A year ago the corporate finance departments of City investment banks were struggling to make a contribution to group earnings. Now the whirlwind of takeovers and mergers is producing fat fees and expectations of even fatter bonuses. "1995 is already a vintage year, the corporate finance side is making money faster than it can count,' one Rothschild excecutive said.

Acquisitions Monthly, the magazine, recently reported that the value of mergers and acquisitons deals this year is set to break the 1989 record.

"We are back to the pace of the late 1980s, and it is pretty sure to carry on for some while yet," says a Deutsche Morgan Grenfell executive. This dramatic recovery in investment banking from the trough of last year, together with a spurt of overseas banks moving to boost their representation in London, has knocked-on to renewed activity at the top end of the City property market.

Retail agents letting space in the City have just raised their top rents from pounds 32.50 to pounds 35 per square foot, while rent-free periods for top-quality developments are coming right back, according to Mark Lethbridge, an associate in Richard Ellis's City agency department.

The decision by Deutsche Bank to take 300,000sq ft next to its Morgan Grenfell investment bank subsidiary in Winchester House, has been followed by other smaller lettings. Allied Trust Bank has expanded its existing space in Cannon Bridge by 10,000sq ft, while Sanwa Bank has added 6,000sq ft at City Place House, Mr Lethbridge said.

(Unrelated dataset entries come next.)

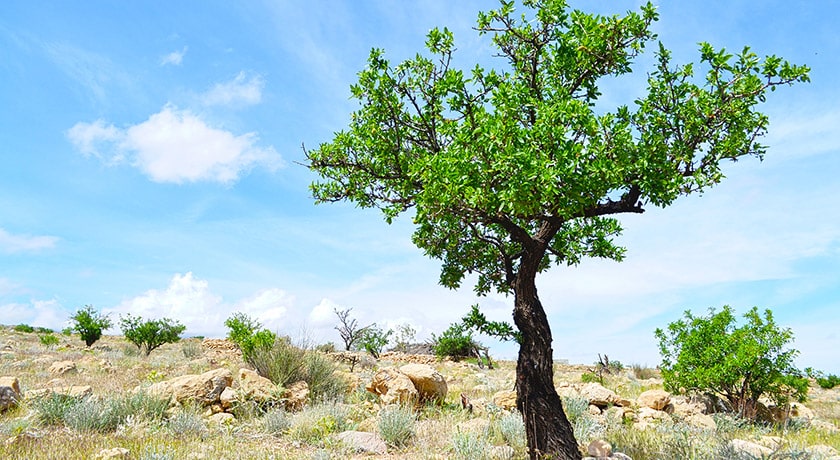 شهر نی ریز	 در استان فارس - توریستگاه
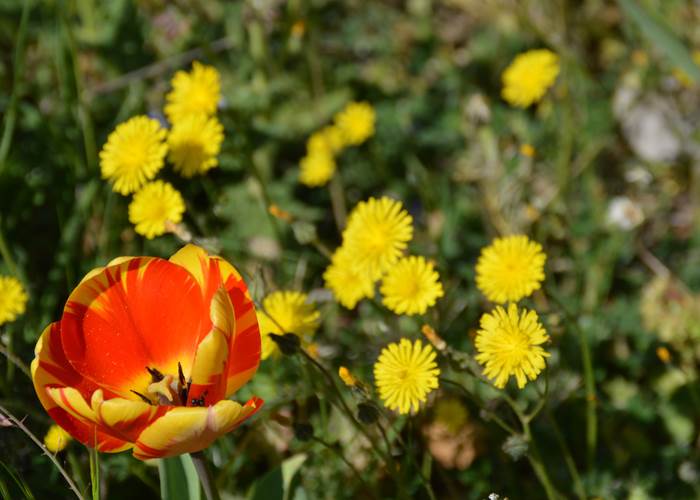 Fleurs à la bastide de Lure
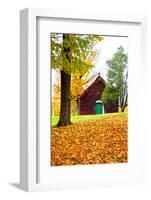 USA, New England, Vermont old brick building covered with ivy in Fall color-Sylvia Gulin-Framed Photographic Print
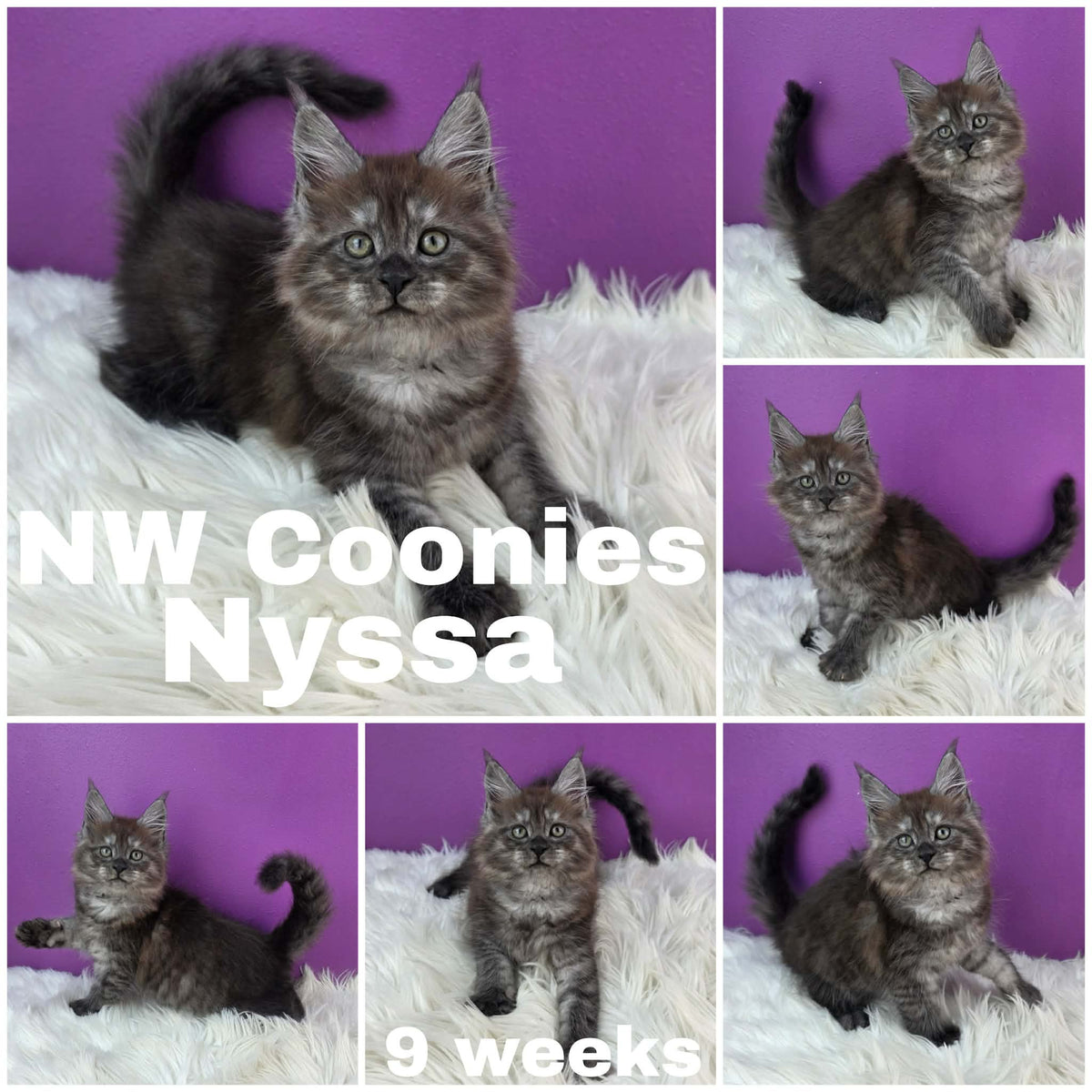 NW Coonies Nyssa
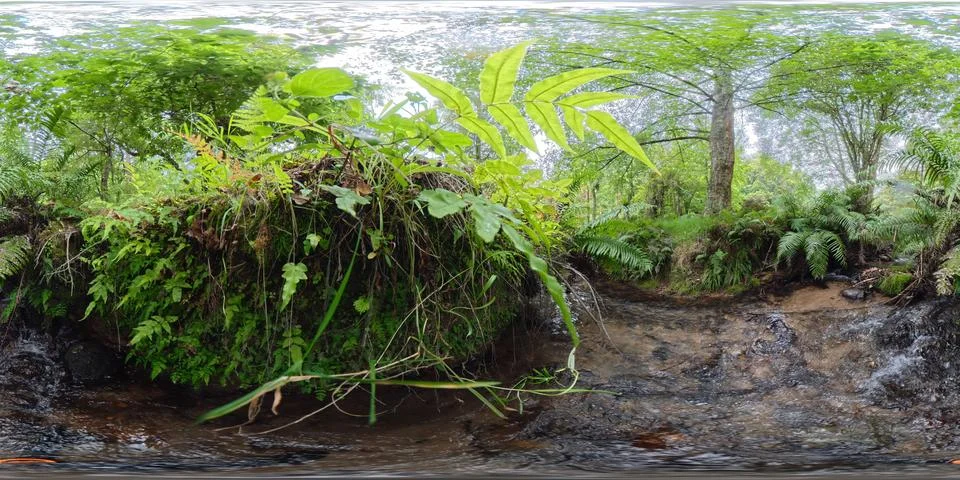 360 VR Panoramic View of Waterfall and Stream in New Zealand Forest Foto stock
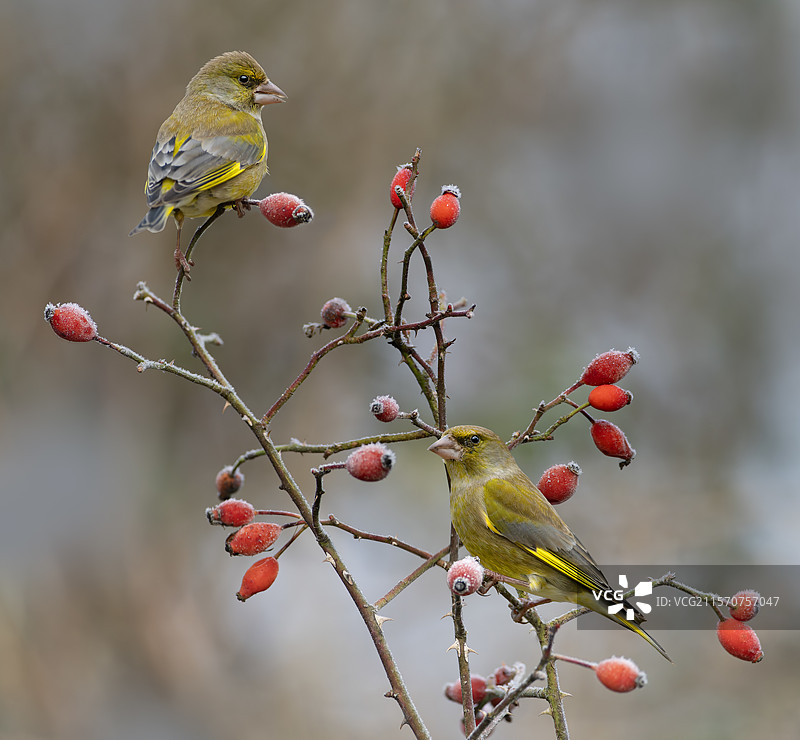 欧洲绿雀（Chloris chloris）栖息在野玫瑰（Rosa canina）上，法国北沃日地区自然公园图片素材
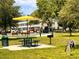 Inviting picnic area with grill, covered table, and benches surrounded by lush green trees offering a relaxing outdoor space at 2021 Shangrila Dr # 14, Clearwater, FL 33763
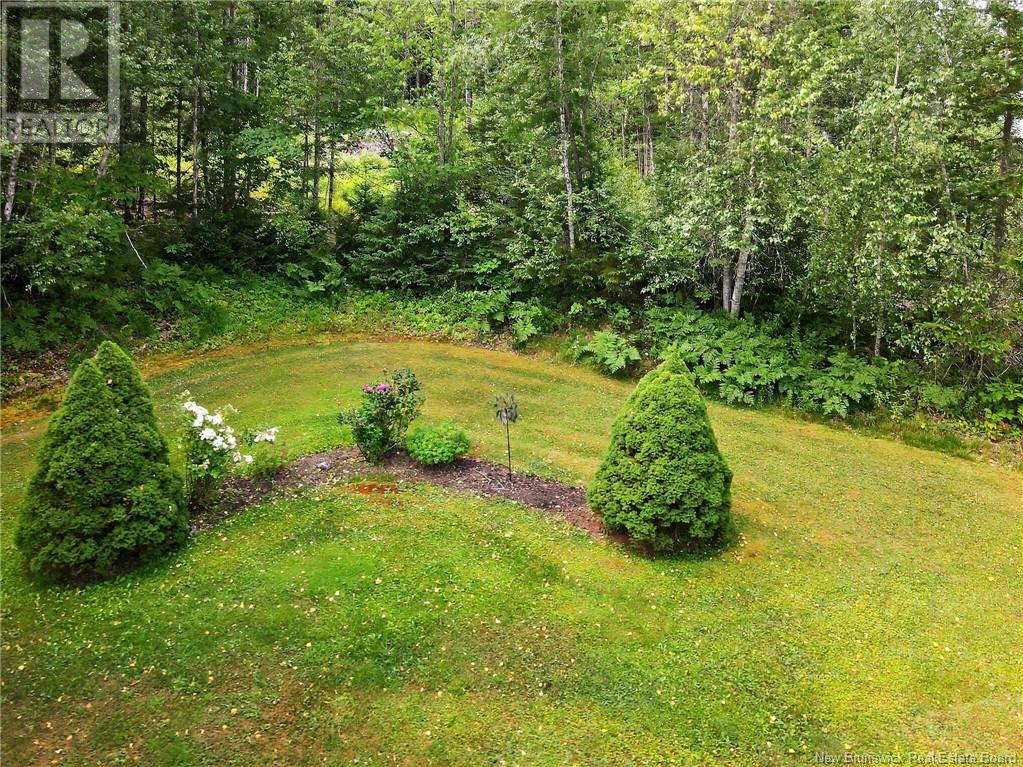 48 Renfrew Street, Petitcodiac, New Brunswick  E4Z 4S7 - Photo 7 - NB123023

All these deals have been for top-quality offices, reflecting the renewed confidence of investment banks boosted by better trading earnings and the big rewards for huge deals. In the just completed Lloyds-TSB merger, the two sets of main advisers, Baring Brothers and JP Morgan, are expected to earn over pounds 6m apiece. Barings, which was bankrupted earlier this year before being rescued by ING of the Netherlands, is likely to be among the M & A leaders in this year's league table, thanks to big deals like Lloyds and Glaxo-Wellcome.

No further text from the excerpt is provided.